A Stanley Cup Hangover? It's Not on Sidney Crosby's Agenda

Sergey ZikovSenior Analyst IOctober 4, 2009

UNIONDALE, NY - OCTOBER 03: Sidney Crosby #87 of the Pittsburgh Penguins is congratulated by teammates Evgeni Malkin #71 and Pascal Dupuis #9 after Sidney scored the game winning goal in a shootout against the New York Islanders on October 3, 2009 in Uniondale, New York.  (Photo by Paul Bereswill/Getty Images)

Two games out of an 82-game schedule won't tell many tales about how good a team will actually be in the long run.

So a couple of early-season victories over New York for the Pittsburgh Penguins hardly prove that the 2009-10 edition will be a success. Or a failure, for that matter. In theory, the two wins are only good for one thing: the four points in the standings.

But for fans, the magic word of the first six and a half periods of hockey is resilience. The ability to recover.

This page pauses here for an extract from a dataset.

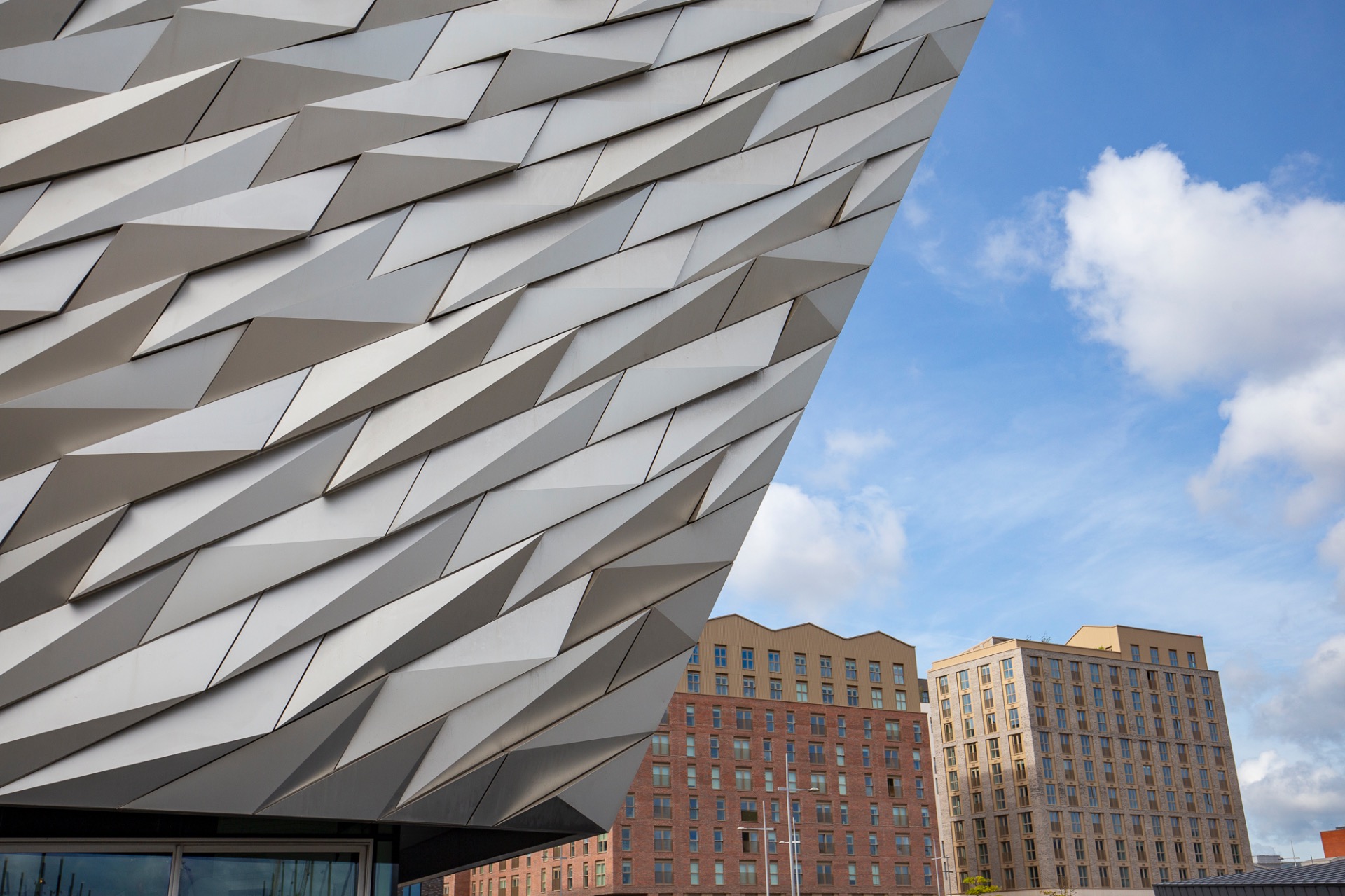 Geometric gray metal facade with angular panels, with brick and glass buildings and blue sky behind.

Since the Penguins lost Rob Scuderi, Hal Gill, and Petr Sykora in free agency, hockey experts have been forecasting a Stanley Cup hangover for the champions.

And why not?

They have made two consecutive trips to the finals, a taxing journey that has left the Black and Vegas Gold with a pair of very short summer breaks. Over the past two years, the Penguins average 104 games per season. Or should we just say a lot of bruises and sore legs.

A poor run of pre-season results led to further belief in the hangover. The Penguins won a sum total of one pre-season game, not that it matters, but losing five straight games of any nature heading into the regular season is hardly ideal.

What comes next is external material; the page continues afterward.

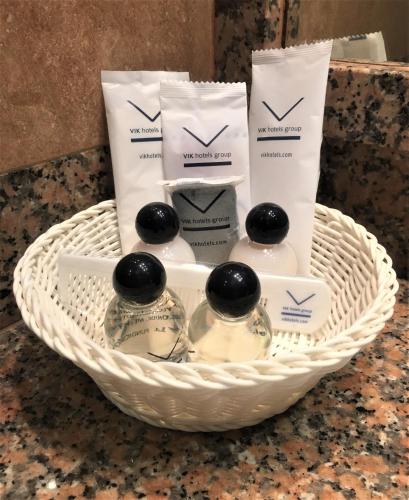 a basket of complimentary bathroom products on a counter at VIK Hotel San Antonio in Puerto del Carmen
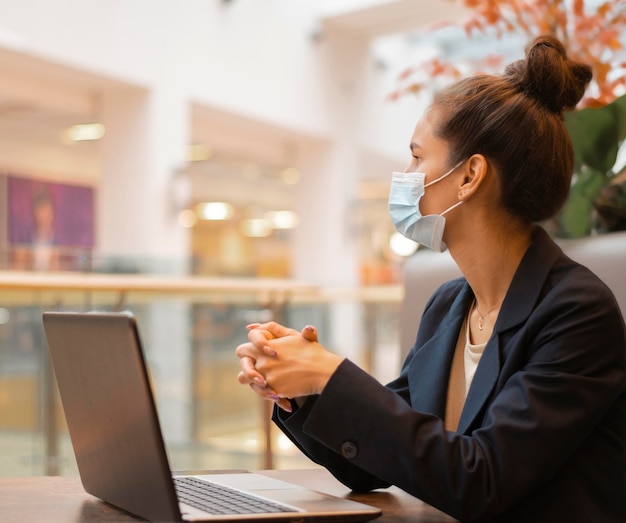 Zijaanzichtonderneemster met medisch masker dat aan haar laptop werkt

Then there was the groin injury to captain Sidney Crosby. Again. That damn groin.

But as he so often does, the King Penguin proved his critics wrong. He was not only on the ice in the first two games, but playing 20 minutes of ice time and putting pucks in the net.

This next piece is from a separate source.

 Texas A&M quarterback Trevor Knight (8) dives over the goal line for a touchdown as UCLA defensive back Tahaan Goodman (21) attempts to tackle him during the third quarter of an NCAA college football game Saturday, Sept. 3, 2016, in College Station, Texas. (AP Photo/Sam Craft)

There's no hangover on his agenda.

It's not like Penguins have been blasting teams away. They have won twice by a goal and needed a shootout to dispose of last year's basement dwellers. There have been stretches where the Penguins have played anything but great hockey.

Against the Rangers, they took a 3-1 lead into the third period. At the time, Dan Bylsma's squad was out shooting, out hitting, and outplaying the Blue shirts.

But the Rangers came out strong and cut the lead to one after new acquisition Marian Gaborik scored his first of the season.

With a Stanley Cup hangover, the Penguins would have allowed a tying goal in the next several minutes.

But no.

All of the pre-game hoopla and euphoria over raising a third Cup banner wasn't enough to take the Penguins focus off the task at hand. The crowd could also sense the momentum was slightly beginning to swing and got behind the home team.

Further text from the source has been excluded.